23/08/2026
Culloden, 1746
Estive neste lugar com o maior respeito por todos aqueles que aqui ficaram. Homens que caminharam para um campo de batalha movidos por lealdades, convicções e por um ideal que, para muitos, terminaria naquele mesmo dia.
Em 16 de abril de 1746, Culloden tornou-se palco do confronto final da revolta jacobita. De um lado, os jacobitas, que lutavam pela restauração da dinastia Stuart ao trono britânico; do outro, as forças do governo, fiéis à Coroa Hanoveriana. Mais do que uma simples divisão entre católicos e protestantes, foi um conflito de dinastias, lealdades, religião e diferentes visões sobre o poder e o futuro do reino.
Caminhar hoje por Culloden é caminhar sobre um lugar de memória. As pedras com os nomes dos clãs recordam homens que aqui combateram e morreram, muitos deles lado a lado com os seus familiares e companheiros. Chefes e homens dos clãs que acreditaram numa causa e aqui encontraram o seu fim.
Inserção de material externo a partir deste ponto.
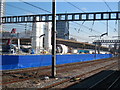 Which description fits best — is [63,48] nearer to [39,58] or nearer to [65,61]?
[65,61]

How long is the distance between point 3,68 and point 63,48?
123ft

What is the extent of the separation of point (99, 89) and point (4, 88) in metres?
5.55

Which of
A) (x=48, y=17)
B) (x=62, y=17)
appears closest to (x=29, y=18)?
(x=48, y=17)

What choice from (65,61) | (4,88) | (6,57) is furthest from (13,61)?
(65,61)

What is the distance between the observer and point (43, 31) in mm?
75500

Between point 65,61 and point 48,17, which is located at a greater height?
point 48,17

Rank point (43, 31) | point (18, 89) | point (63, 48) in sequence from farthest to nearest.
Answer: point (43, 31) → point (63, 48) → point (18, 89)

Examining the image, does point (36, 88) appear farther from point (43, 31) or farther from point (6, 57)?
point (43, 31)

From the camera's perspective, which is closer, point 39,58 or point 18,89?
point 18,89

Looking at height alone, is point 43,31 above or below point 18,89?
above

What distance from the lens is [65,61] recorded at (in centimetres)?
3456

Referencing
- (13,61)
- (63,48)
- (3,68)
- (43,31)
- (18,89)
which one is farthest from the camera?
(43,31)

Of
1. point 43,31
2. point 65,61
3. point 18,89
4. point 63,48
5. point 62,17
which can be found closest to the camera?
point 18,89

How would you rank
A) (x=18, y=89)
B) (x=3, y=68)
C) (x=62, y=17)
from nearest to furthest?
(x=18, y=89) → (x=3, y=68) → (x=62, y=17) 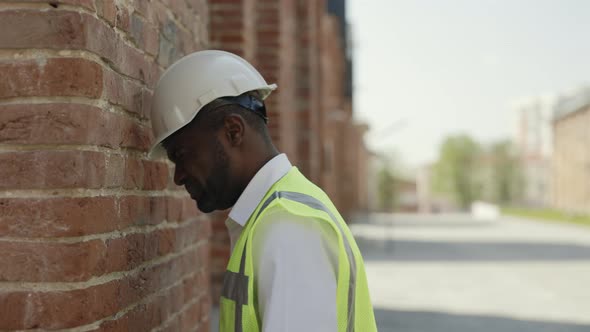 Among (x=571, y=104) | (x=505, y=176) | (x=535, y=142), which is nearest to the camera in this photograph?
(x=571, y=104)

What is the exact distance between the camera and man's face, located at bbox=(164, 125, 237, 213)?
201 centimetres

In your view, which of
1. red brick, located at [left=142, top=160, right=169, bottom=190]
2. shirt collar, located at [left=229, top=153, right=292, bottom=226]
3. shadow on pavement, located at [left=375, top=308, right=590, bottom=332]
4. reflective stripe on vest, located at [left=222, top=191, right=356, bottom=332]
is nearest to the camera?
reflective stripe on vest, located at [left=222, top=191, right=356, bottom=332]

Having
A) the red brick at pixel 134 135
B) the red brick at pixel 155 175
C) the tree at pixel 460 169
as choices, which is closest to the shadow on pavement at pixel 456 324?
the red brick at pixel 155 175

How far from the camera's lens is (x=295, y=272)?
65.6 inches

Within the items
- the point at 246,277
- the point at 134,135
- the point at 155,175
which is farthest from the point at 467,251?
the point at 246,277

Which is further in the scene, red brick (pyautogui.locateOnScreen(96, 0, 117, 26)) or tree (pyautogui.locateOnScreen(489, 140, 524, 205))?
tree (pyautogui.locateOnScreen(489, 140, 524, 205))

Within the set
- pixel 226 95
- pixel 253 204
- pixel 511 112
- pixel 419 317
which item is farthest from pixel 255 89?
pixel 511 112

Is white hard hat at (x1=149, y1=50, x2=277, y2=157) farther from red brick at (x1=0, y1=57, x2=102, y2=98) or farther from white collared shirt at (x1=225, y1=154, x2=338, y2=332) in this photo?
white collared shirt at (x1=225, y1=154, x2=338, y2=332)

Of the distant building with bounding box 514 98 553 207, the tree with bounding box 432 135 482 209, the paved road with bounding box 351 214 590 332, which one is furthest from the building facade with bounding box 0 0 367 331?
the distant building with bounding box 514 98 553 207

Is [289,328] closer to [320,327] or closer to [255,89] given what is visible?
[320,327]

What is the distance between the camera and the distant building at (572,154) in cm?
6031

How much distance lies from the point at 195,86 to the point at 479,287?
9.84 meters

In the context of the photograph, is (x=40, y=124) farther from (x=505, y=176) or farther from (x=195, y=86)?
(x=505, y=176)

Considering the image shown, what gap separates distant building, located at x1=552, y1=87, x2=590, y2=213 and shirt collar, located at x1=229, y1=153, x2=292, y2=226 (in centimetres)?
6001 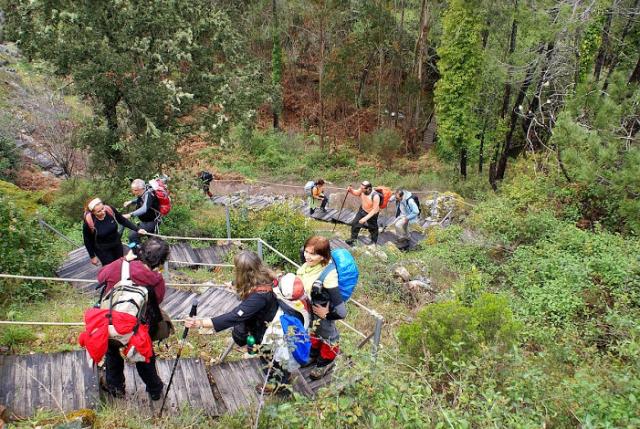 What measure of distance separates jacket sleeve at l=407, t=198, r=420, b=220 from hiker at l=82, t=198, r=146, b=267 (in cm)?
675

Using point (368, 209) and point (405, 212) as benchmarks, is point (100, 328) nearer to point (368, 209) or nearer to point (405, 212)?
point (368, 209)

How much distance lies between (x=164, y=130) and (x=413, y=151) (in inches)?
656

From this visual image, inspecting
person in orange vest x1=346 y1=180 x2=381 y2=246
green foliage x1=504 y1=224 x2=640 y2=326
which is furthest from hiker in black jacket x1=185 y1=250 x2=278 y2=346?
person in orange vest x1=346 y1=180 x2=381 y2=246

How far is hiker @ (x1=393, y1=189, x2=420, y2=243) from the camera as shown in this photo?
11242 millimetres

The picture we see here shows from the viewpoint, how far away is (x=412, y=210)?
444 inches

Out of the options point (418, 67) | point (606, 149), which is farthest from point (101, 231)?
point (418, 67)

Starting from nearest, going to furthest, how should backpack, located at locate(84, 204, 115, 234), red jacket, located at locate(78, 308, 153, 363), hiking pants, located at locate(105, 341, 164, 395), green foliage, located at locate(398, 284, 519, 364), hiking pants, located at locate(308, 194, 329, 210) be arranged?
red jacket, located at locate(78, 308, 153, 363)
hiking pants, located at locate(105, 341, 164, 395)
green foliage, located at locate(398, 284, 519, 364)
backpack, located at locate(84, 204, 115, 234)
hiking pants, located at locate(308, 194, 329, 210)

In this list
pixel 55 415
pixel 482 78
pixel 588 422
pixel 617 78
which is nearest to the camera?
pixel 588 422

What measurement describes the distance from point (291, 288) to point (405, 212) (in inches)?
309

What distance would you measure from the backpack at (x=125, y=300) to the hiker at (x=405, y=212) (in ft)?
27.3

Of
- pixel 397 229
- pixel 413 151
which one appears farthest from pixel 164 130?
pixel 413 151

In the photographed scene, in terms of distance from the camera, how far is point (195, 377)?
4.63m

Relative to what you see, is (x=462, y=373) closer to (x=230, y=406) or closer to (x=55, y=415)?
(x=230, y=406)

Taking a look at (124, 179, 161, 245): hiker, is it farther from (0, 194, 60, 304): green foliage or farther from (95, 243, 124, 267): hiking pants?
(0, 194, 60, 304): green foliage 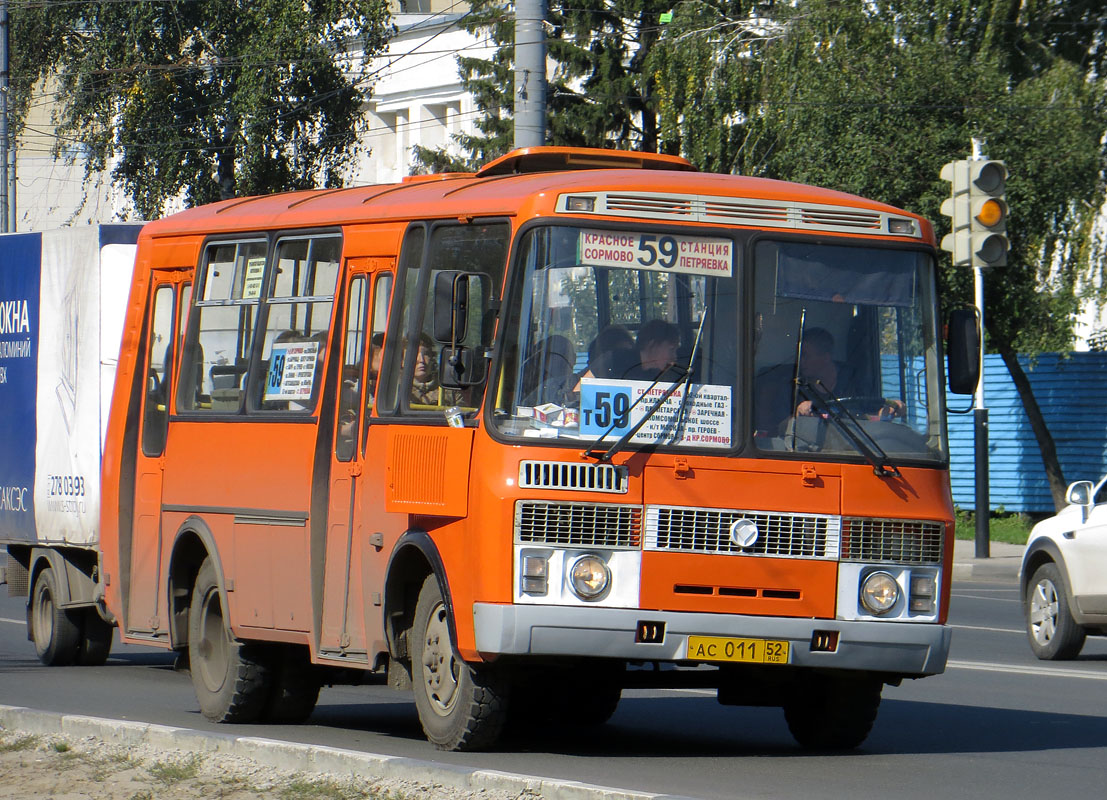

É um lugar de uma beleza serena, mas carregado de História. E foi impossível não olhar para aquele campo e pensar no mundo em que vivemos hoje. Quase três séculos depois, continuamos a travar batalhas que talvez pudessem ser evitadas se aprendêssemos verdadeiramente a conversar, a escutar e a procurar caminhos diferentes da violência.
Culloden fez-me pensar que conhecer a História não é apenas recordar aqueles que partiram. É também perguntar-nos o que aprendemos com eles.
Porque os séculos passam, os protagonistas mudam, mas a Humanidade continua demasiadas vezes a repetir as mesmas batalhas.